Au sein d’un territoire en majeure partie dévolu à l’agriculture et à l’élevage, avec peu de routes, les grandes seigneuries tirent leurs revenus des bois, des fermes et plus rarement de l’exploitation du charbon en surface (seigneurie de Montcenis3). Si la maison-forte de Vilaine, avec sa silhouette de la fin du Moyen Âge, est l’un des plus anciens jalons historiques visibles, le château de Digoine demeure le plus exceptionnel héritage d’avant le canal.
Vue panoramique du site d’écluse 19 du versant Océan à Palinges avec le château de Digoine, la maison éclusière, le pont sur écluse et le chemin de halage transformé en route départementale.
Quelques villes se distinguaient des autres pour diverses raisons : Digoin, connue comme port sur la Loire, Chalon-sur-Saône, comme port sur la Saône. La ville de Paray-le-Monial, avec sa basilique du 12e siècle, peut donner une idée lointaine des paysages d’avant le canal.
Un réseau peu praticable
Les rares routes existantes permettaient de relier des bourgs, mais leur mauvais état rendait la circulation très difficile.
Le désir d’améliorer les infrastructures de réseau est cependant manifeste, au moins depuis le 18e siècle : par exemple, des projets naissent dans les années 1730 pour rendre l’Arroux navigable4. De telles études sont menées sur la plupart des rivières susceptibles d’être aménagées.
Frémissement industriel
Les plans anciens montrent que le lieu du futur bief de partage était constellé de chapelets d’étangs5, sur les digues desquels étaient implantés des moulins.

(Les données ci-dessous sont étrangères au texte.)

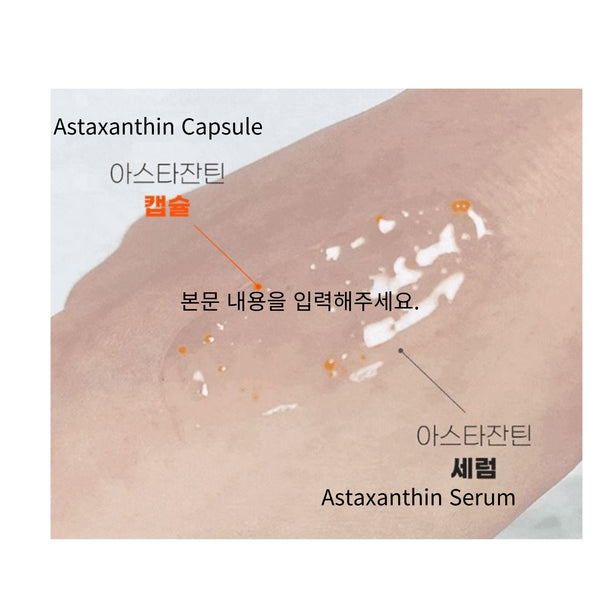 Sungboon Editor Active Marine Astaxanthin Capsule Serum 30ml/1.01 fl.oz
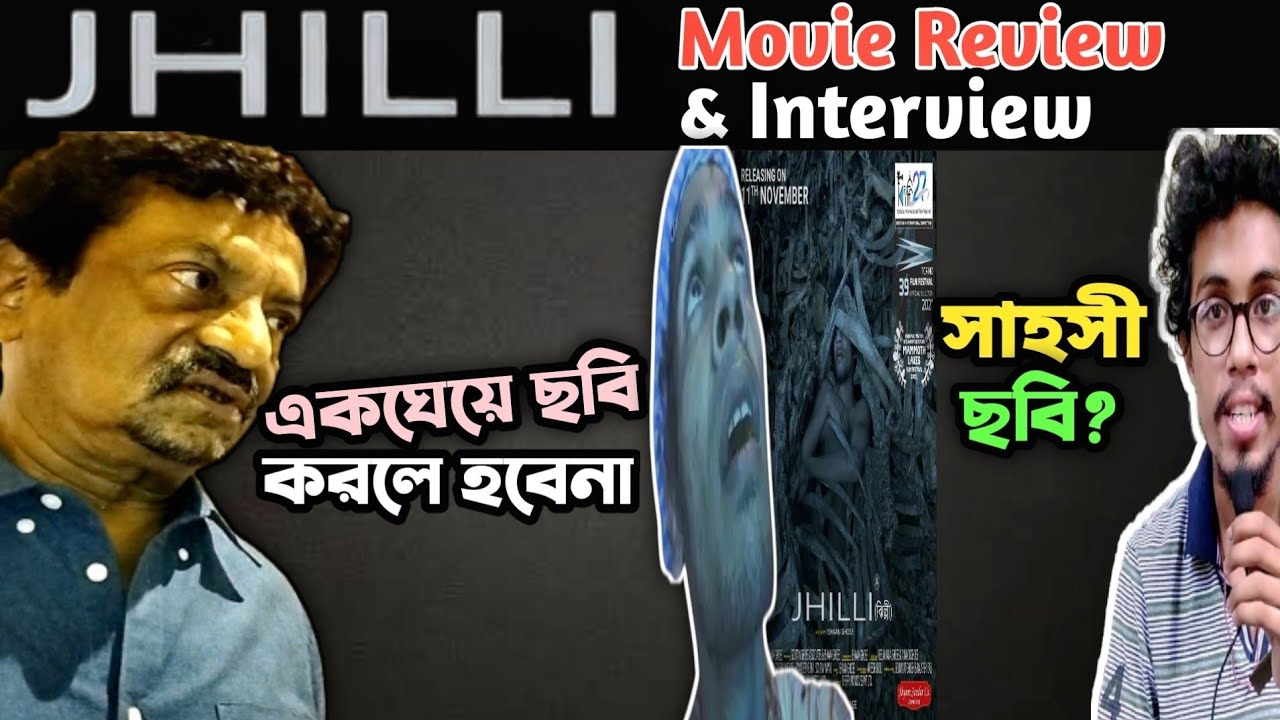 JHILLI BENGALI MOVIE REVIEW_সাহসী ছবি?GOUTAM GHOSE_একঘেয়ে ছবি করলে হবেনা_ISHAAN GHOSE_ARANYA_SVF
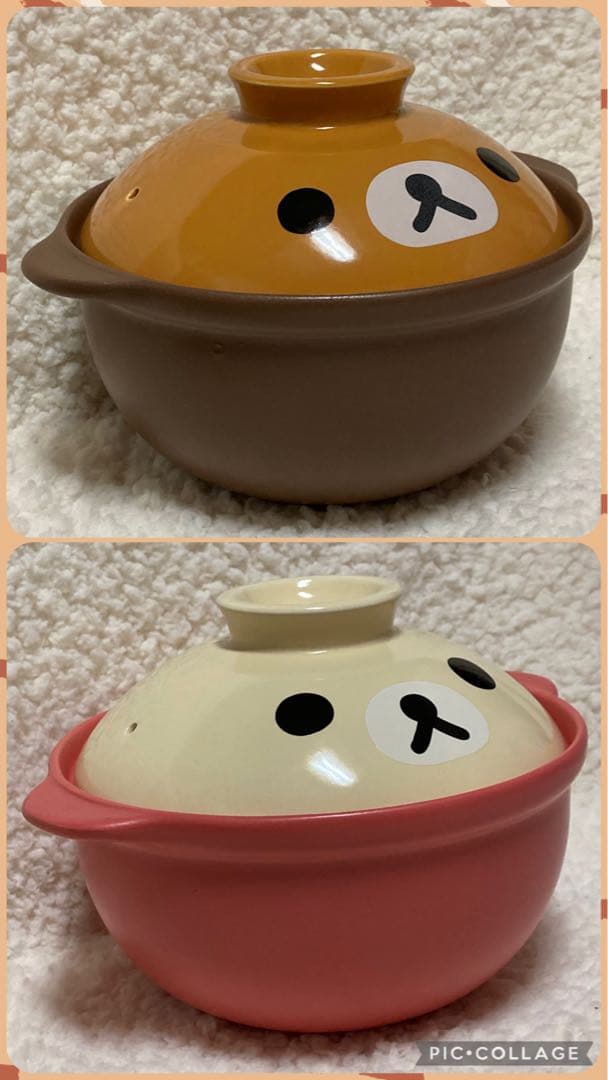 最終価格　￼リラックマ　コリラックマ　土鍋　セット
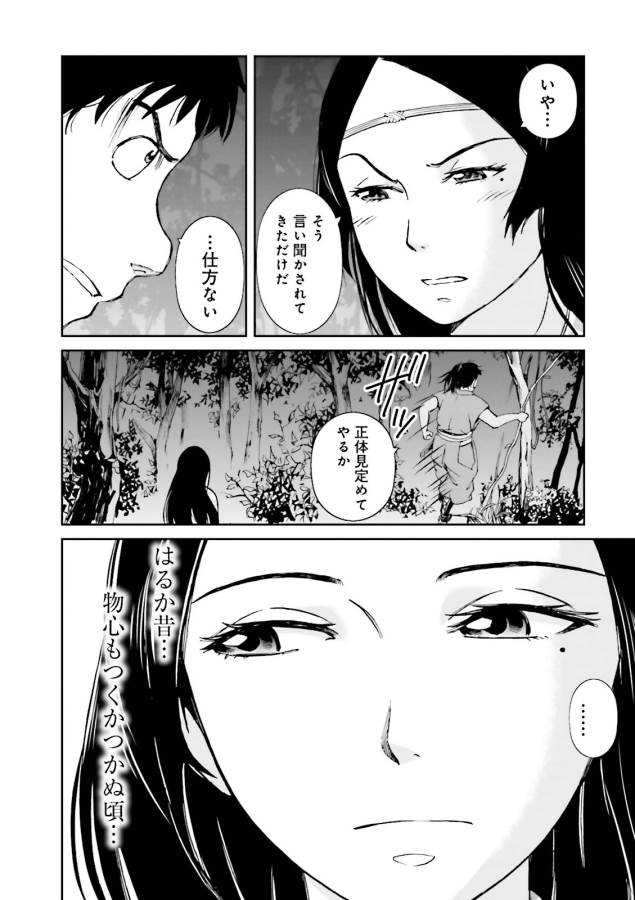 Angolmois - Genkou Kassenki Chapter 16 9ページ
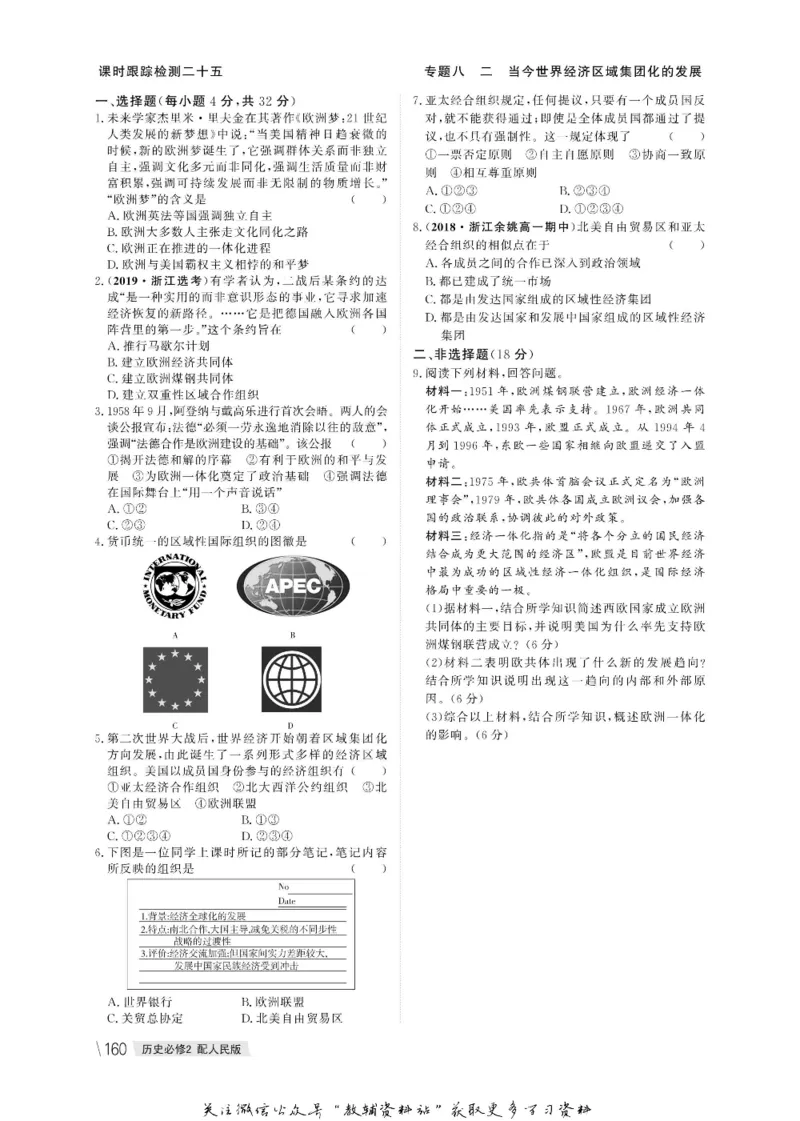 名师同步导学历史人民版必修2_名师同步导学_高中历史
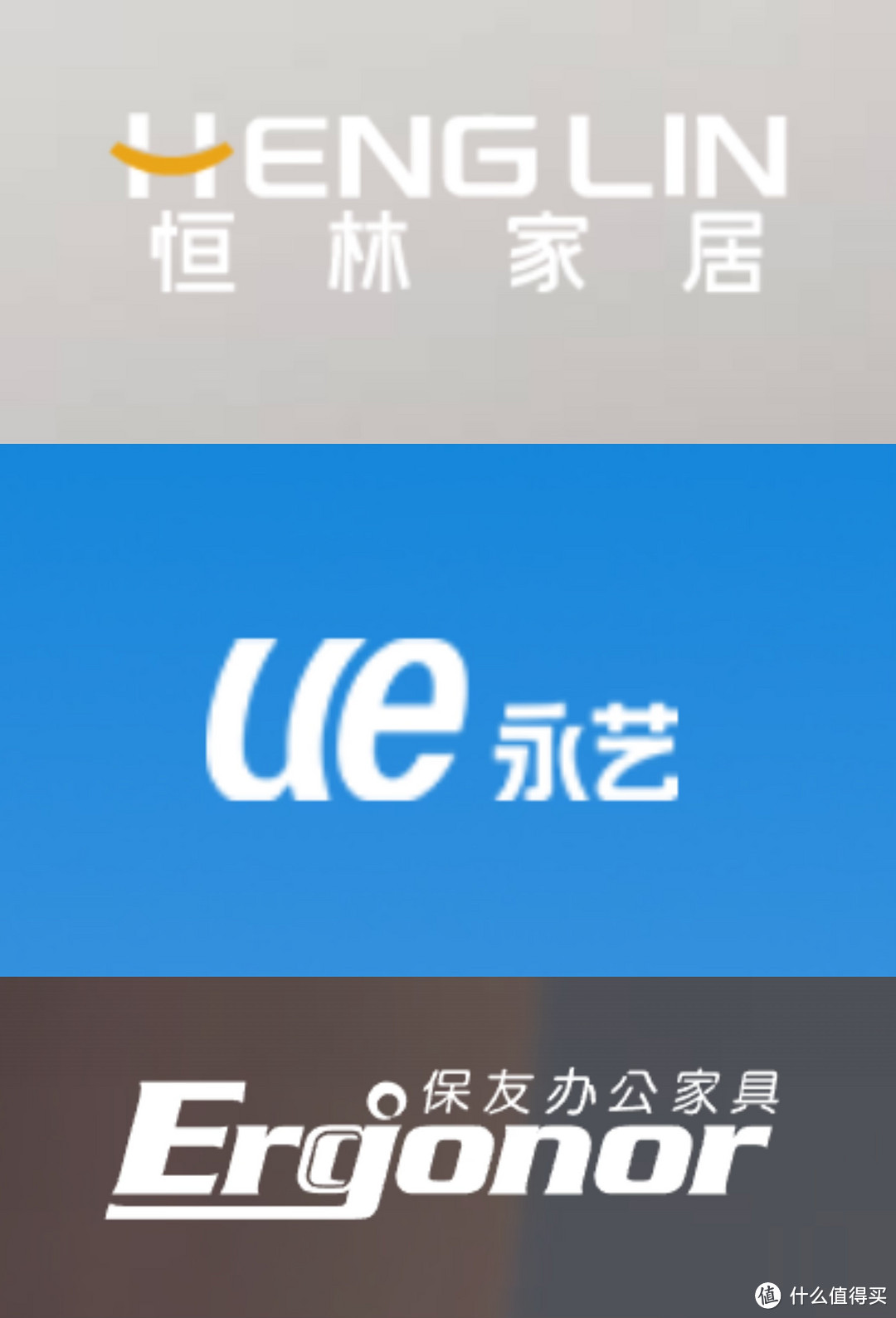 龙年也要健健康康，选一把舒服的人体工学椅，助力龙年事业顺遂身体安康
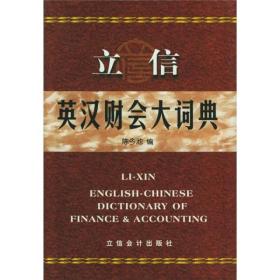 立信英汉财会大词典 　1、它是依据20世纪80年代末期和90年代初期美国和英国出版的财务会计词典和教材编写的，书中不仅收纳了很多英语系国家近二十年新出现的财务与会计词条，而且对传统的财务与会计词条以现代新观念重新加以说明解释。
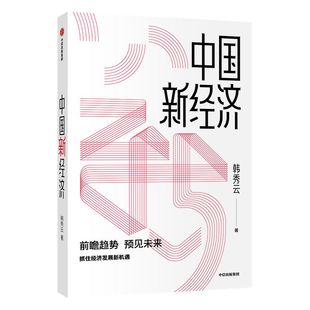 中国新经济 韩秀云著 经济理论 经济学 市场行为 经济逻辑 基础知识 中信出版图书 正版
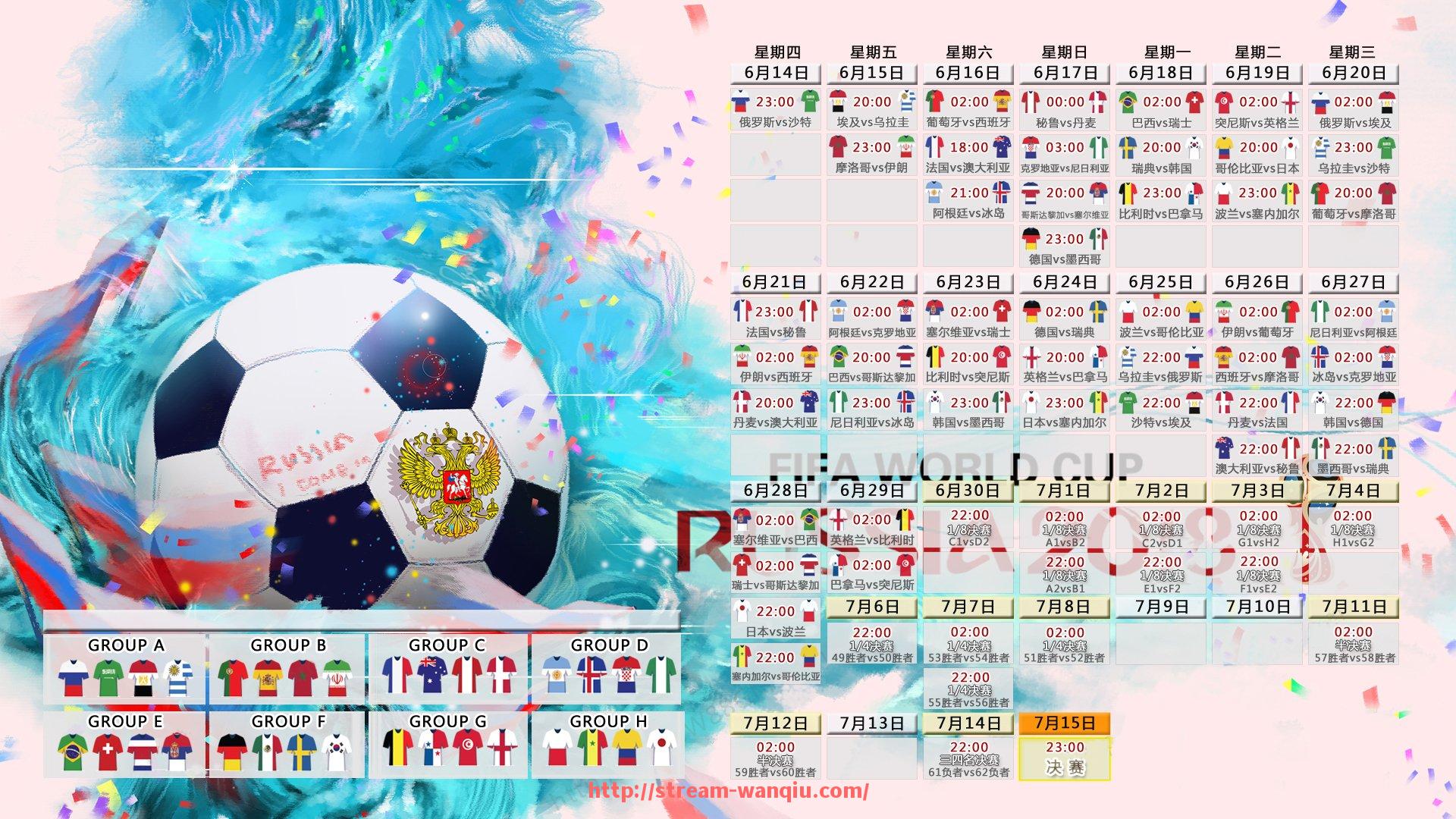 玩球直播-火箭队与黄蜂队比赛战绩及技术对比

Les quelques esprits avant-gardistes qui tentent, dès la fin du 18e siècle, de développer une proto-industrie basée sur la seule force hydraulique ressentent le besoin d’améliorer aussi les voies de communication. « Il y a actuellement six forges dans le Charollais, qui pourront envoyer leurs fers par le canal. »6
Le problème est de se procurer les matières premières nécessaires : bois et eau. Sur la Dheune, par exemple, le sieur Jobert obtient, en 1759, le droit de construire une forge et un fourneau au-dessous de l’étang de Longpendu où la rivière prend sa source, et d’organiser le flottage du bois, à charge pour lui de se conformer pour la coupe des bois à l’Ordonnance des Eaux et Forêts7. Sur la même rivière, on peut également évoquer une tentative de forge à la Motte, grâce à un moulin sur l’étang. La présence de minerai de charbon, attestée par les progrès scientifiques du 18e siecle, est l’un des arguments donnés par Emiland-Marie Gauthey pour le passage d’un canal vers Montchanin / Montcenis / Montceau. Les cartes qu’il dresse dans les années 1780, période à laquelle il tente de faire accepter son idée de canal, l’attestent : elles mentionnent les gisements de Montcenis8.
Vers Digoin, à l’autre extrémité du canal, le marquis de la Tour Maubourg, qui a installé des forges à Gueugnon, cherche à récupérer du bois par flottage sur l’Arroux. Son souhait de voir son usine reliée aux grands axes de communication ne sera effectif qu’en 1867, avec l’ouverture de la rigole de l’Arroux qui va de Gueugnon au canal du Centre.